A trente mètres environ de moi, le beau "douze" s'arrête, me scrute, m'identifie..une dernière image : la quinzième...et le voilà reparti vers son harpail. Ce dominant, je l'avais photographié deux jours plus tôt, au même endroit, entouré de quatorze biches et bichettes....impressionnant !

                        

 Pour cette première expérience d'un combat de cerfs j'ai été favorisé par le lieu : en lisière de forêt avec une belle lumière matinale (9 heures) au sortir d'une nuit de pluie sans vent dominant !

Le combat a été assez équilibré, cerfs de 180 à 200 kgs, bien que le "douze" un peu plus lourd (encolure plus imposante) ait réussi quelques poussées sur son rival, qui, pour contrer ses attaques, appuyait très fort sur la tête de son adversaire pour le clouer au sol.... Pas de "coups défendus" ! simplement une épreuve de force, une sorte de pousse-toi de là c'est ma place...Une rivalité animale sans qu'il soit nécessaire de tuer. En observant bien les mouvement des animaux, ont peut affirmer  que si blessures il y a, elles sont dûes pour l'essentiel à une faute "technique".. La nature a bien fait les choses ; les bois se neutralisant (pour une même configuration de cerfs).

                                                      

Mon émotion évacuée, quelle joie !...15 images réussies sur 15 tentées ! J'aurais dû en faire plus....Mais gérer le stress, sa propre sécurité, les réglages....enfin tout en deux minutes à peine ce n'est pas si évident que cela ? Aussi, en revenant à mon campement la tête dans les étoiles, je me félicitais d'avoir pensé en partant à mettre dans ma poche un film vierge...car quelle n'aurait pas été ma frustration si je n'avais pas pu immortaliser sur la pellicule ces moments forts, si difficilement photographiables et rarement photographiés....! 

      2/ 17 heures : Bois de Roche Grande   (dimanche 28 septembre 2004)

Je prends mes quartiers dans la forêt.

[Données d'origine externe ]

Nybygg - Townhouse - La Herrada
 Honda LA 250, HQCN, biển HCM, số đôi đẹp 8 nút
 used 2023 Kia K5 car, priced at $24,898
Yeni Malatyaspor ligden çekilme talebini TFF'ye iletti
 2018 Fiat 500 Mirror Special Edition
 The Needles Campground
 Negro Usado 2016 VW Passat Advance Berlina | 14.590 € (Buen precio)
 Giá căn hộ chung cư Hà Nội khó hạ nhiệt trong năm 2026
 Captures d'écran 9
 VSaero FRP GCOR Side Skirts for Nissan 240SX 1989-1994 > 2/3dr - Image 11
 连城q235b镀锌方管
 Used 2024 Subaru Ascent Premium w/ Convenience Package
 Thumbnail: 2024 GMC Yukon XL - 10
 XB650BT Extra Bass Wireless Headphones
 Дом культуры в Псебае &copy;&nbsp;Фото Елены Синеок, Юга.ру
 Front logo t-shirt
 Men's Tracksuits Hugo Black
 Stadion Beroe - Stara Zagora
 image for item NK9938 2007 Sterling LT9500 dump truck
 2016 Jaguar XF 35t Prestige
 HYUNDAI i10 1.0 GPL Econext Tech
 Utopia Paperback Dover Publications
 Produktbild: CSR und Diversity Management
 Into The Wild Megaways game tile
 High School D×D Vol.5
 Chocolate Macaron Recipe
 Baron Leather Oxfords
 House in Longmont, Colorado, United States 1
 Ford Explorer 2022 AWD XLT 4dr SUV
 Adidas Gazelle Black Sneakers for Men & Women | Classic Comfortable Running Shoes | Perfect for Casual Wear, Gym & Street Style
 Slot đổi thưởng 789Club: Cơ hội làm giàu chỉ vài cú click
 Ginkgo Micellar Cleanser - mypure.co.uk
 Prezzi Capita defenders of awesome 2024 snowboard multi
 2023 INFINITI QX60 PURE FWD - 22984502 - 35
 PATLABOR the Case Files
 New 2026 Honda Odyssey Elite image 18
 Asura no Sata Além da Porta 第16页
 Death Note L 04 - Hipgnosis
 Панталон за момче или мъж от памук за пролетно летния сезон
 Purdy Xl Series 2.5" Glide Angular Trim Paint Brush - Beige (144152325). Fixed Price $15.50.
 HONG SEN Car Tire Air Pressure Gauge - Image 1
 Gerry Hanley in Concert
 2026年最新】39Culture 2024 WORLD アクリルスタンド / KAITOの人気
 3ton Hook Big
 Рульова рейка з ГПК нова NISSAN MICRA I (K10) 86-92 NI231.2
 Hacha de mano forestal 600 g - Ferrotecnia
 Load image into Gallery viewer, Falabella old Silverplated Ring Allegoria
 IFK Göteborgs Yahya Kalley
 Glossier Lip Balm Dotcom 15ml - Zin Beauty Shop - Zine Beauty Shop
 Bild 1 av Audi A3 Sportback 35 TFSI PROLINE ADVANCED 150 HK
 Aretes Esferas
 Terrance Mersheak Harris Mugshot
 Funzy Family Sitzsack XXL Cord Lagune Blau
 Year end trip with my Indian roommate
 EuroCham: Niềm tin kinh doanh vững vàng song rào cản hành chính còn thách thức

Fébrilement j'installe ma tente entre quatre sapins que j'avais repérés quelques semaines auparavant. L'endroit me semble correct, ma toile sera relativement bien cachée par la frondaison et l'espace devant l'entrée est bien dégagé. L'installation terminée, je ceins le périmètre avec une corde. Je fais deux tours a des hauteurs différentes pour fabriquer une clôture qui pourra, le cas échéant, faire obstacle à toute tentative d'intrusion des cervidés..Le couchage en place, je profite des derniers rayons de soleil pour lancer ma première expédition.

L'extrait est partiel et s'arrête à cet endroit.